2.  I will not miss this cold weather.  Every time I step out into freezing rain I wonder how I have done it every winter for my entire life.  I don't know where we will live after 3 years, but today I'm voting for some place with NO freezing rain.  Maybe some place that has pretty snow but isn't cold.  I'd compromise on that. 

3.  We have entirely too much stuff.  The movers came and packed up everything and moved it for us.  Just what we have leftover is making me think we should have sold EVERYTHING and just taken carry-on bags on the flight.  If it can't fit into a '98 Toyota Camry (along with 2 car seats), I'm thinking we might not need it.

4,156 miles, and a 4 hour time difference.  Some days the world seems bigger than it is, but I've been surprised at how much smaller it has seemed though all this.  It didn't sound like Dan was an ocean away when I talked to him on the phone.  Ask me in a week how far away he seems

Thursday, December 1, 2011

Long December

It's been a long December, and there's reason to believe that maybe this year will be better than the last. . . .

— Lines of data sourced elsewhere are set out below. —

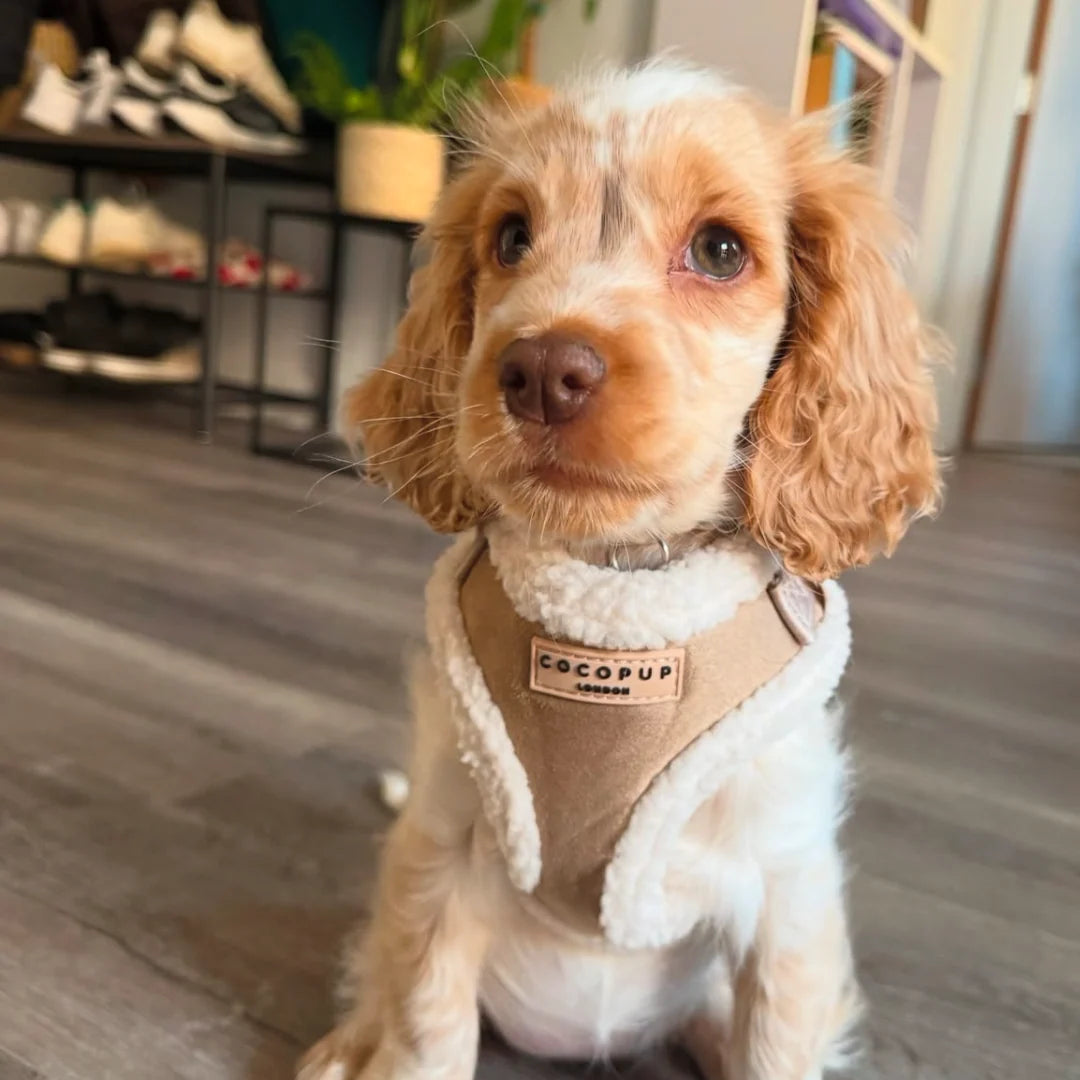 Nude Aviator - Adjustable Dog Harness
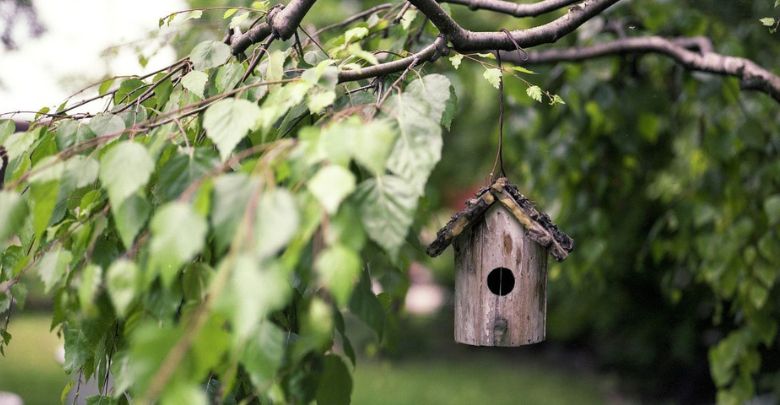 casina di legno sull'albero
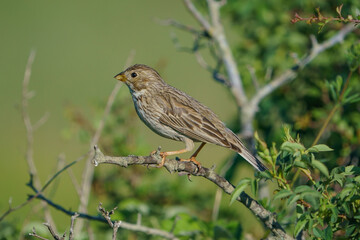 Corn Bunting (Emberiza calandra) perched on a tree branch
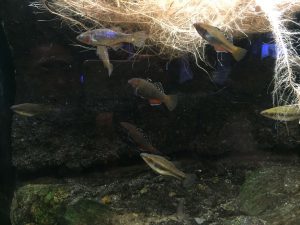 Okinawa171124 - (4) Churaumi Aquarium - 135
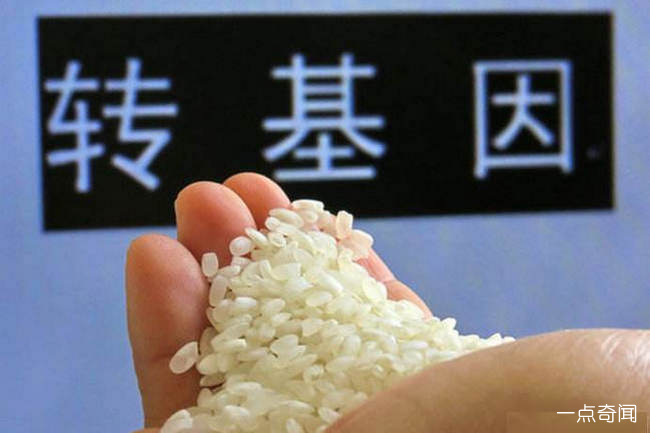转基因究竟是好是坏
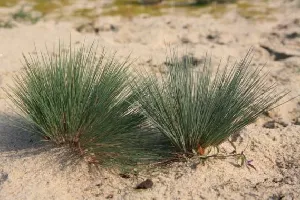 ierburi ornamentale pentru fotografii colorat grădină, descrieri detaliate și denumirile de cereale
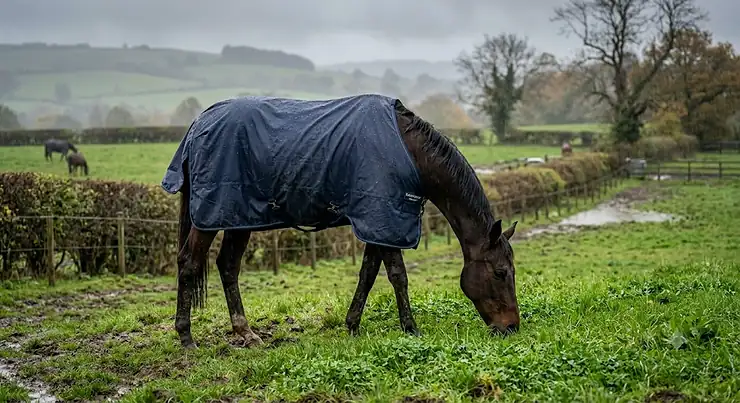 Lightweight waterproof horse rug on a thoroughbred grazing in a rainy British paddock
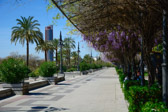 Spanien - Sevilla - Paseo Cristóbal Colón (Plaza de Toros) | 79/165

Okay, so we aren't as depressed as the mood of the Counting Crows song conveys.  We're actually very excited about this new year.  We just have to make it though December.

The movers come next week.  We close on the 9th.  Dan leaves on the 12th, and comes back on the 24th.  We all leave on the 30th.  New Year's in Waikiki.  That means that from December 6th through who knows how long the Stanleys will be bouncing from grandparents' houses to hotel rooms and everywhere in between.  2 weeks without Dan, but we will be with our families for Christmas.  Thank you, God.

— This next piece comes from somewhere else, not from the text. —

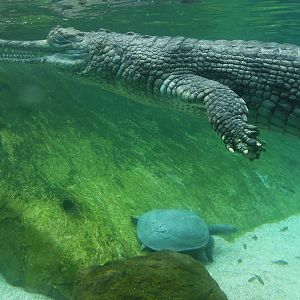 Rivers of the World - Ganges River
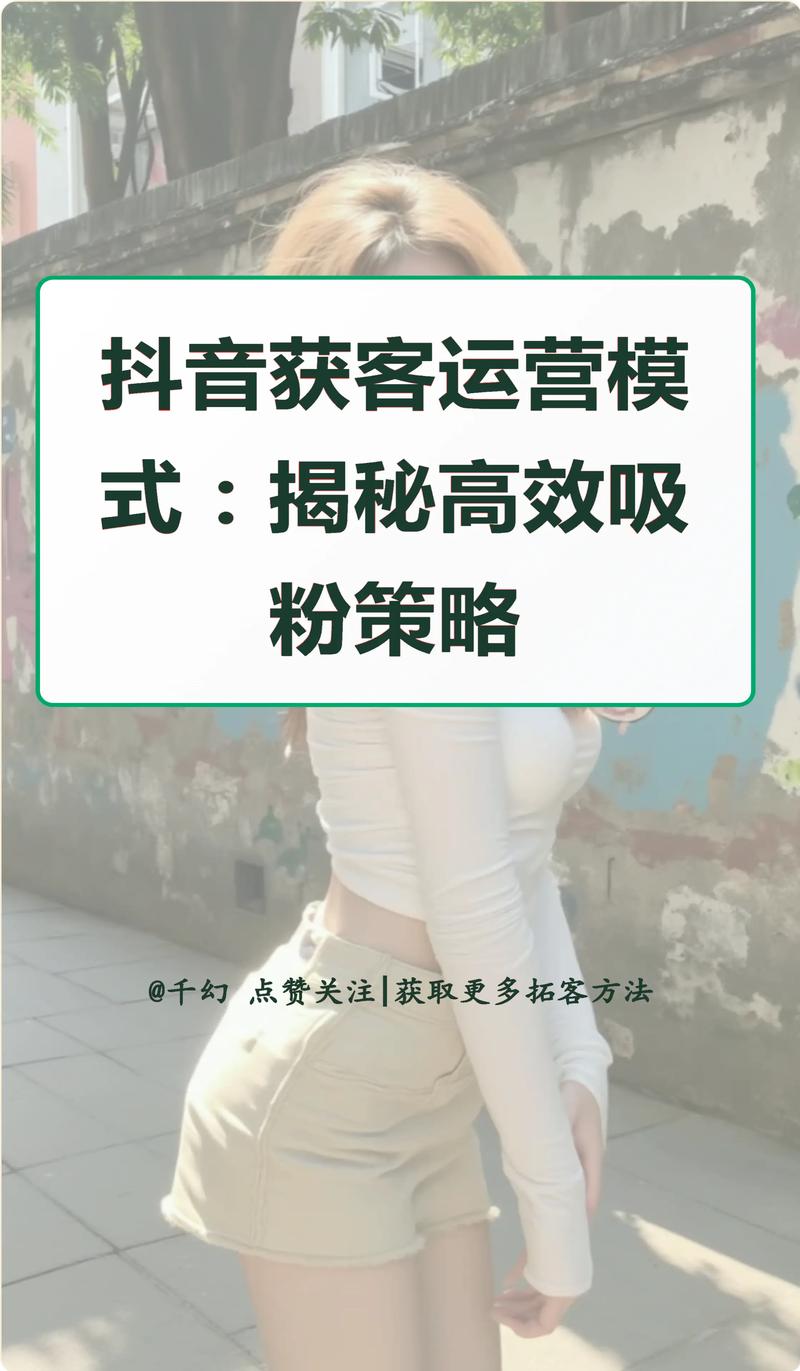 抖音测有效粉丝,抖音测有效粉丝:深度洞察与策略应用!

The Good News:  We do NOT have to stay in the tiny hotel room on base until our housing opens up.  We will get an allowance that is surprisingly spectacular, so we will get to stay at a condo on the beach in Ko Olina for the entire month of January!  (Our view below)  Yeah.  So we're kinda praying that base housing never opens.  I am so excited to learn how well our country takes care of it's military families.  In an unrelated story, I've discovered a way that we can cut about a billion dollars from the federal budget.

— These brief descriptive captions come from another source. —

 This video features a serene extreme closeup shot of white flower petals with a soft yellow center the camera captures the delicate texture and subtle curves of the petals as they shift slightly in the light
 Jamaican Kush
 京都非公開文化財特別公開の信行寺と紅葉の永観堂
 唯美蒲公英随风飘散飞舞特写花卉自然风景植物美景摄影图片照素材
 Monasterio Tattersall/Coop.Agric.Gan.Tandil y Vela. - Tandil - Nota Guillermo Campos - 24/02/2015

The Bad (?) News:  We're number 19 on the waiting list for a home on base.  We have no idea what that means.  Our wait will be at least 20 days, and maybe even beyond the 60 days that they will pay for temporary housing.  Which means that we would have to find a short-term lease that we could afford.  Yikes.  We're pulling for the 60 days.

I'm worried about my kids having any sense of stability over the next 30 - 90 days.  I'm terrified to take them both on a flight across an ocean.  (Any tips on flying with infants & toddlers are VERY welcome.)  I hate it when Dan is gone.  I have to put on a bathing suit 6 days after Christmas.  I'm concerned that I might be very mean to the movers, because they are taking away my lovely little home I've grown to love.  I'm afraid that when they carry away our things, they will also carry away our memories.



I can't wait to see the expression on Axel's face when he sees the ocean for the first time.  I can't wait to watch Joslyn take her first steps on the sand.  I'm excited to watch Dan love his work.  I am super excited to have a good, year-round tan.

Life is full of blessings and difficult times.  Isn't it strange when we mix up the two?  As if we're trying to make the blessings into hardships.  Sometimes I do that.  "Give thanks in all circumstances, for this is God's will for you in Christ Jesus." (1 Thessalonians 5:18)  


December will be difficult, but it is not a hardship.  It's such a blessing that we have multiple places to sleep at night.  That most of our expenses are being taken care of.  That our house is sold.  That we are close enough to family to get in a lot of grandparent time.  That Dan will be able to scope it out down there before we arrive with 2 babies.  Now that I think about it, December will probably go by pretty quick.